INFORMATION SUPPLIED ->
========================================
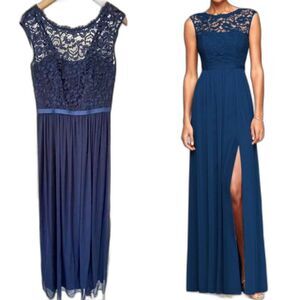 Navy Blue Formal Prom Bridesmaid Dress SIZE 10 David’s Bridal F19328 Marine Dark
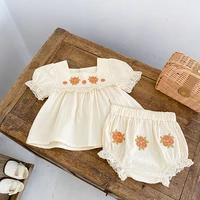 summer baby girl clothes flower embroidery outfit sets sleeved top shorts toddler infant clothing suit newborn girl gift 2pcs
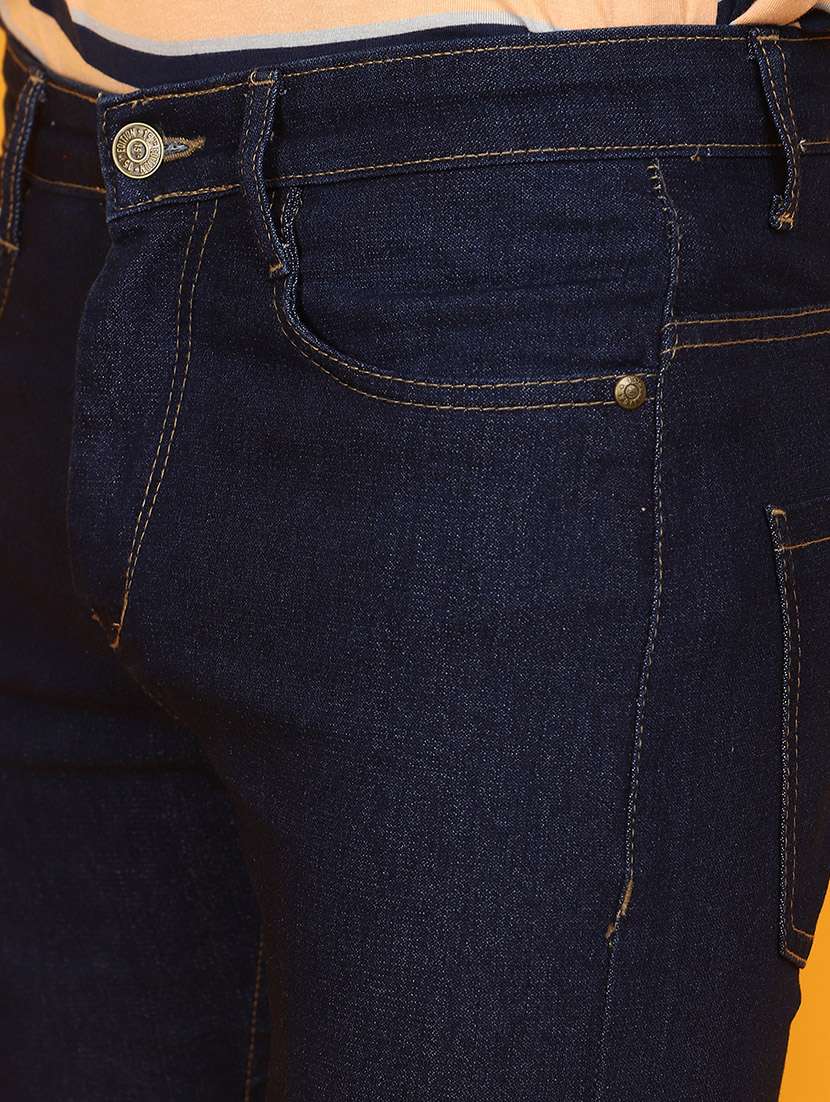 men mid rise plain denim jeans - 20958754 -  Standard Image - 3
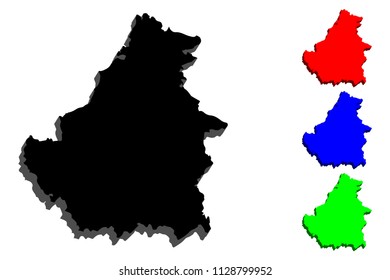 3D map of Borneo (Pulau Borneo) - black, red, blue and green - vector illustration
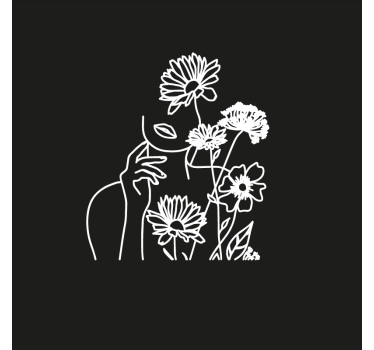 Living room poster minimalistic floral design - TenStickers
========================================
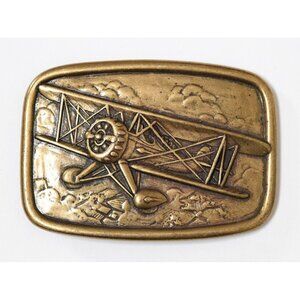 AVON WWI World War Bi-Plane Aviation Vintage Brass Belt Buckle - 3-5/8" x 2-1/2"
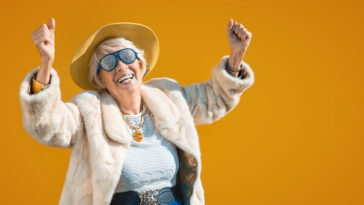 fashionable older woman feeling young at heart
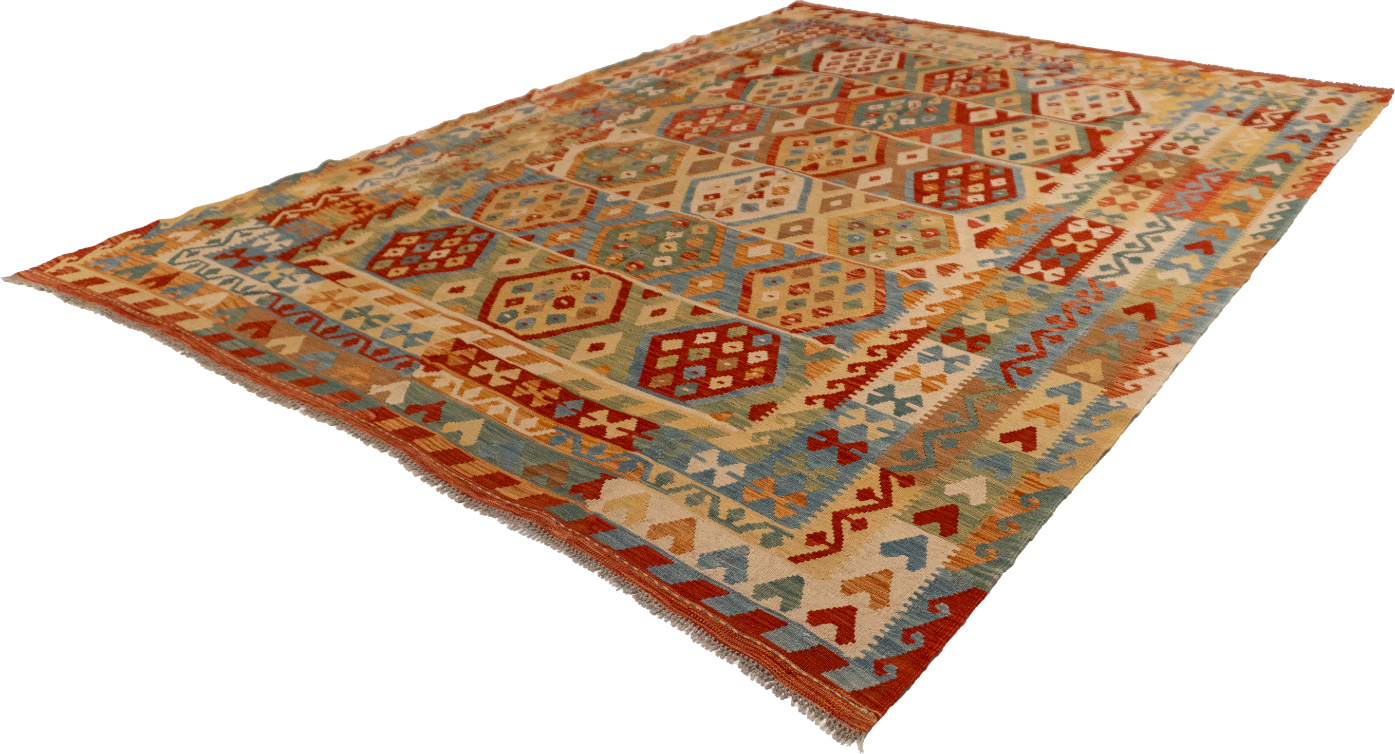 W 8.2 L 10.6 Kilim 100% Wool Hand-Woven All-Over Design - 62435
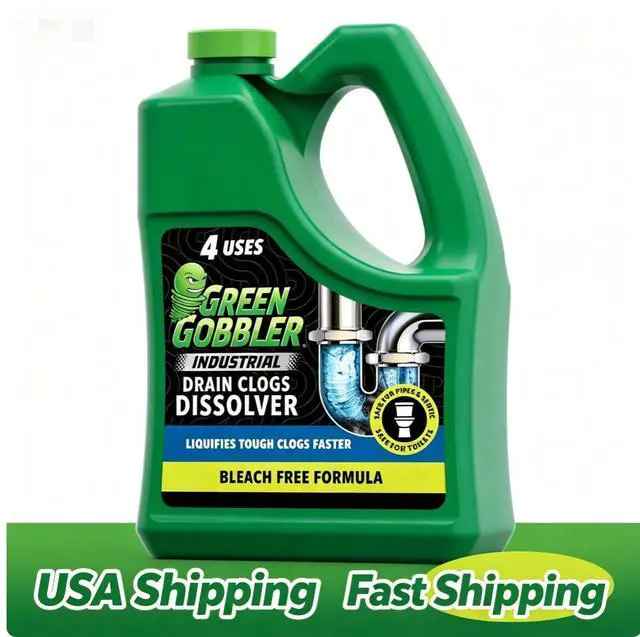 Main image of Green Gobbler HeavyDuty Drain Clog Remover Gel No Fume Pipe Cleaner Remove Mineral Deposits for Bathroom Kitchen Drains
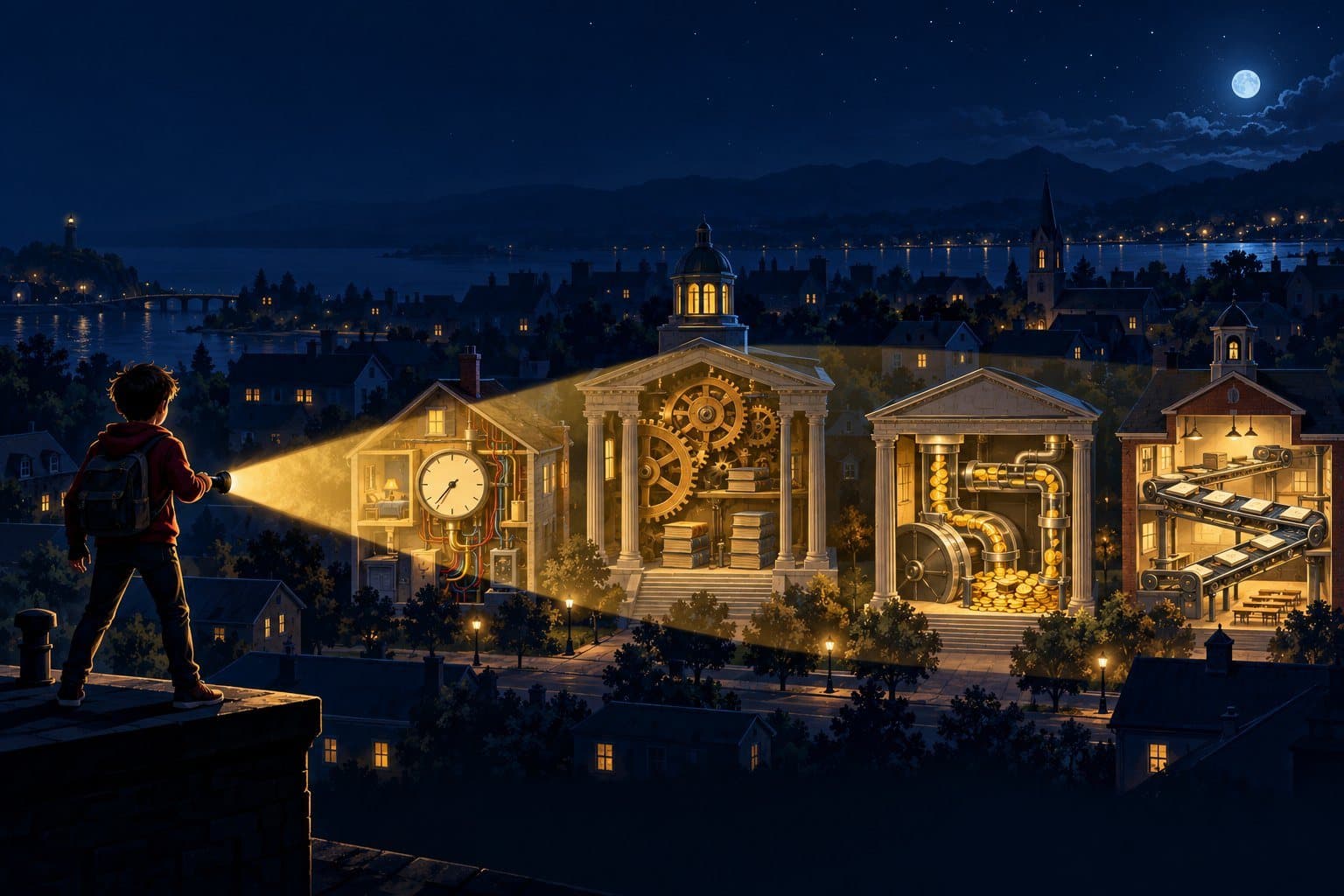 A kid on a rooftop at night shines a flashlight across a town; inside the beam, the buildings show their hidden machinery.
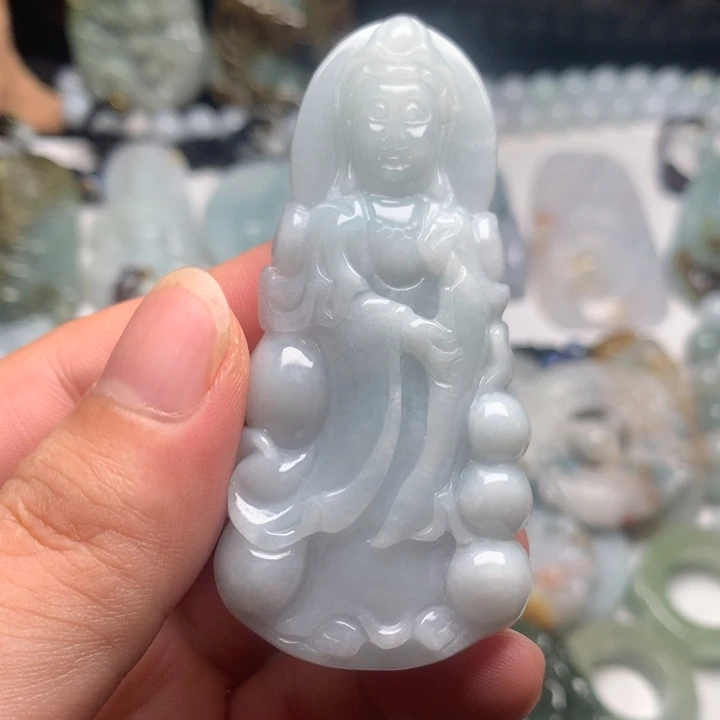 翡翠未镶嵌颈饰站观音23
========================================
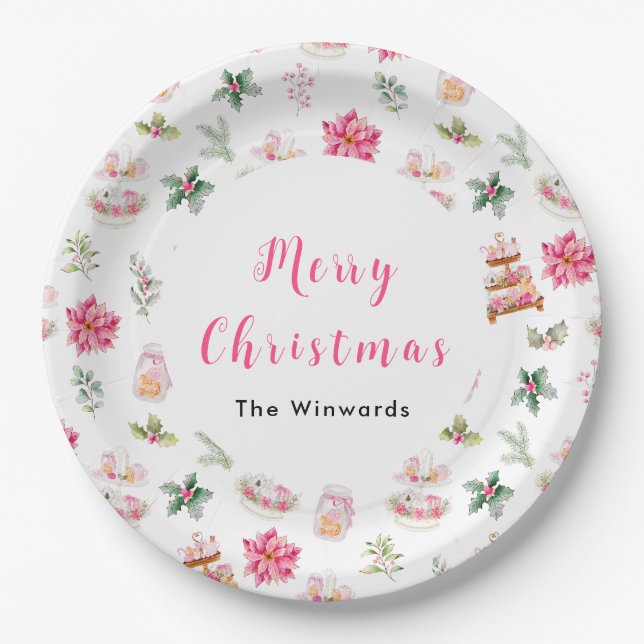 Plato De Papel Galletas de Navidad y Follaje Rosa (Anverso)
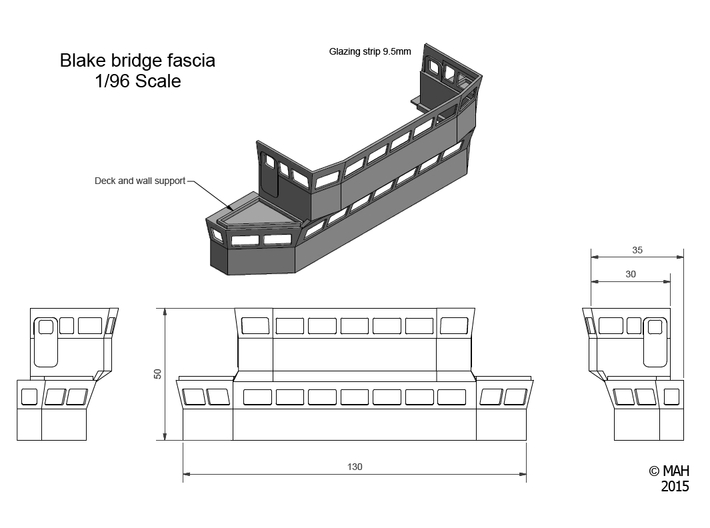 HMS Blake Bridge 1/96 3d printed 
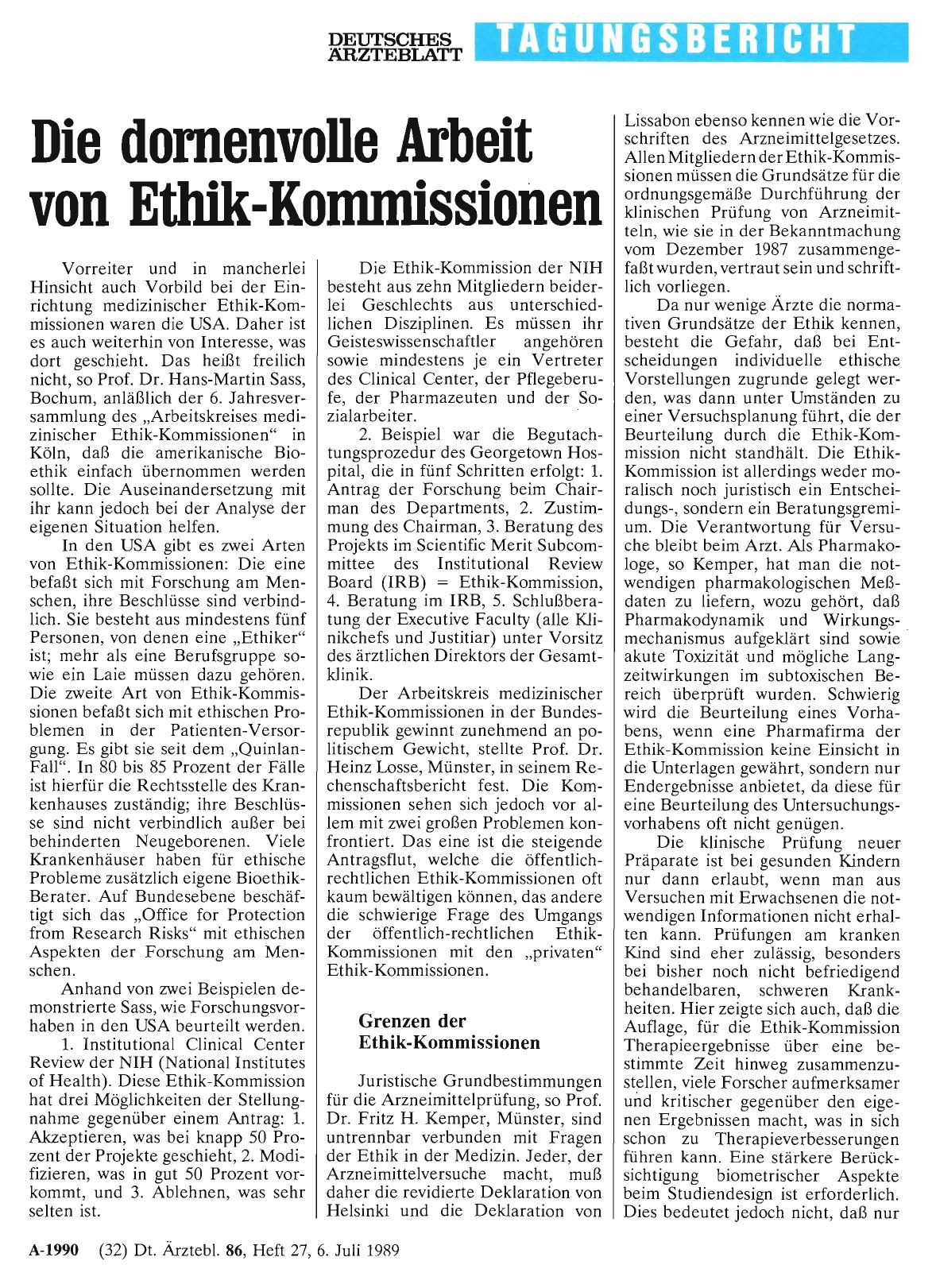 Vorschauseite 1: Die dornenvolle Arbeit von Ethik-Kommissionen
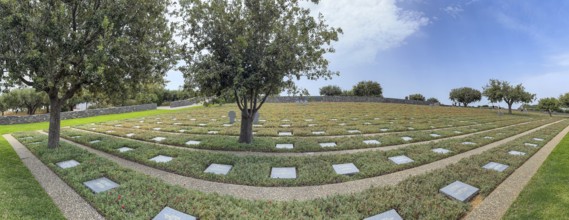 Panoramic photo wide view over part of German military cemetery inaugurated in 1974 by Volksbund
========================================
What you write must match the listing exactly, from the line with "men mid rise" up to and including the line with "Living room poster". Pictures stay out.

 men mid rise plain denim jeans - 20958754 -  Standard Image - 3
 3D map of Borneo (Pulau Borneo) - black, red, blue and green - vector illustration
 Living room poster minimalistic floral design - TenStickers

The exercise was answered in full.